■ EXERCISE INSTRUCTIONS ■
Copy out all the lines of the data precisely, omitting any pictures.

■ DATA SEGMENT ■
══════
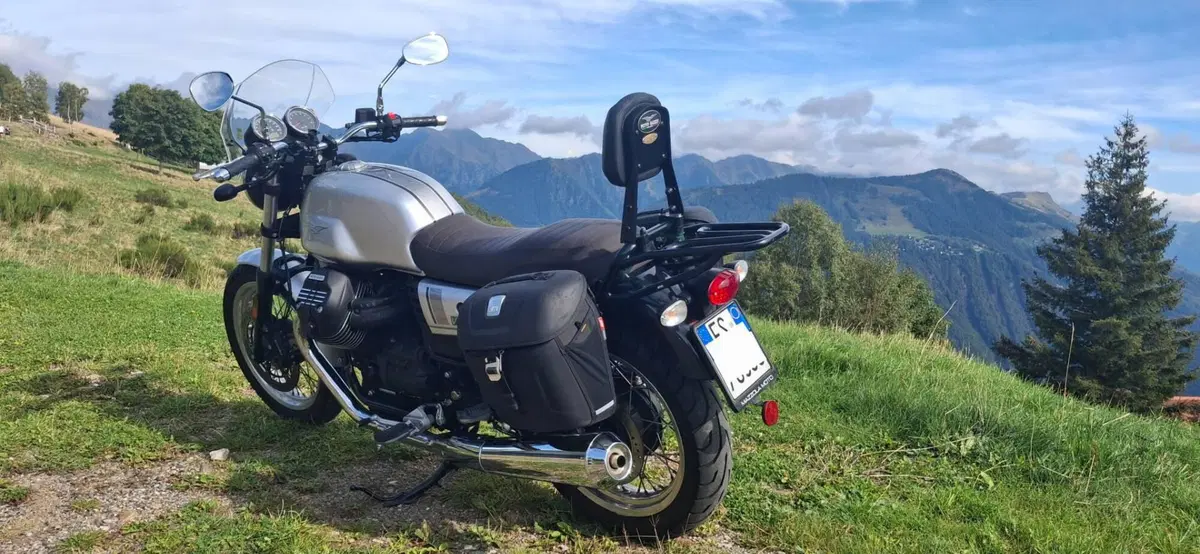 Moto Guzzi V7 III Special (2017 - 20)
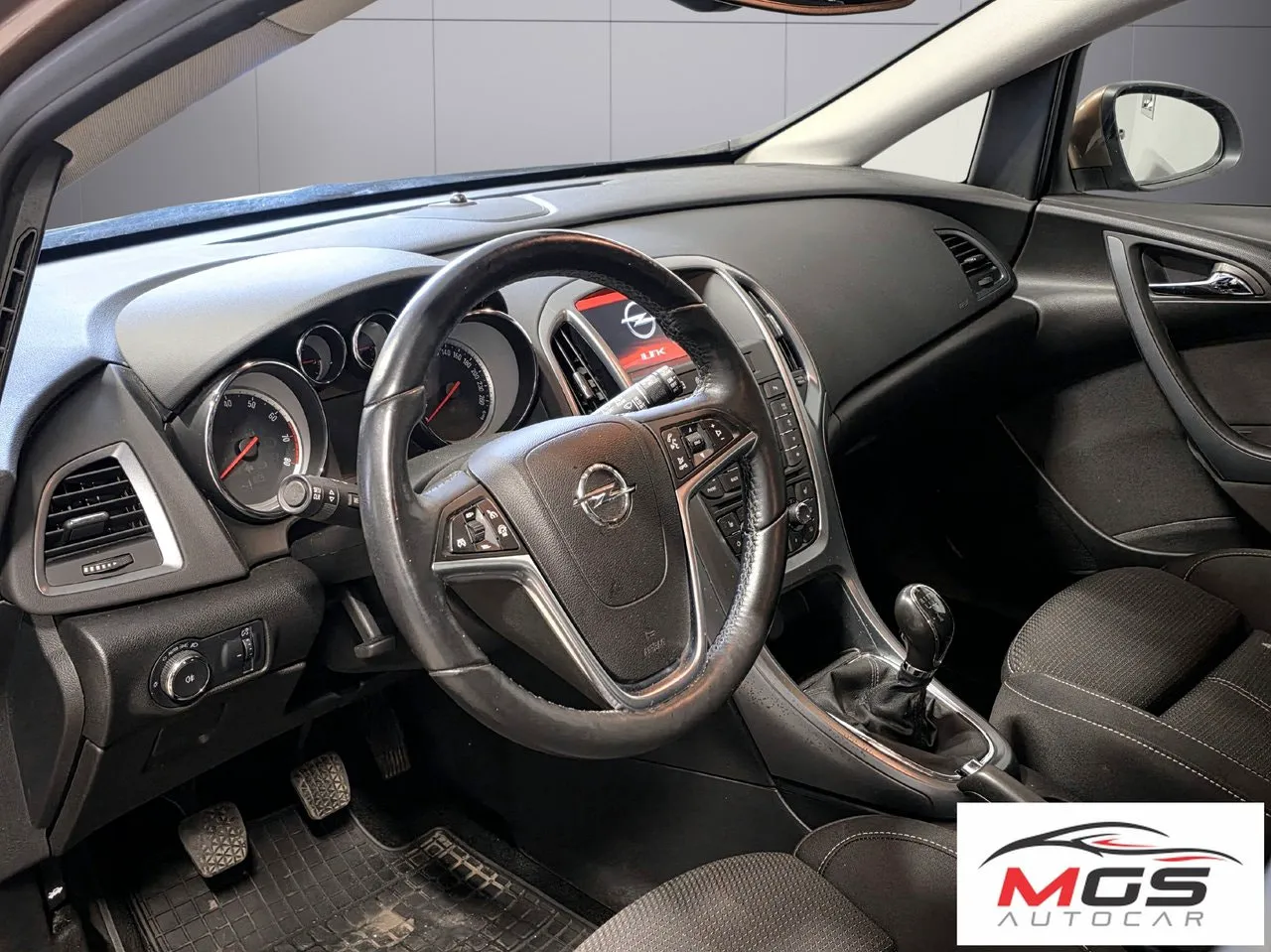 Vehicle image 16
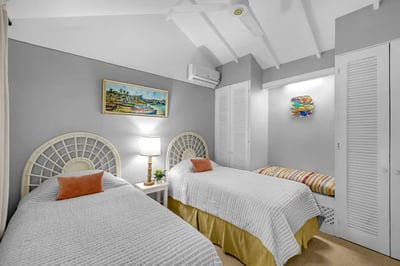 Luxury Villa Photo #26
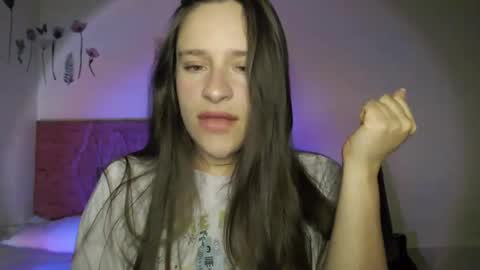 serenity_crystal online show from September 18, 12:47 am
══════
■ TASK SOLUTION ■
 Moto Guzzi V7 III Special (2017 - 20)
 Vehicle image 16
 Luxury Villa Photo #26
 serenity_crystal online show from September 18, 12:47 am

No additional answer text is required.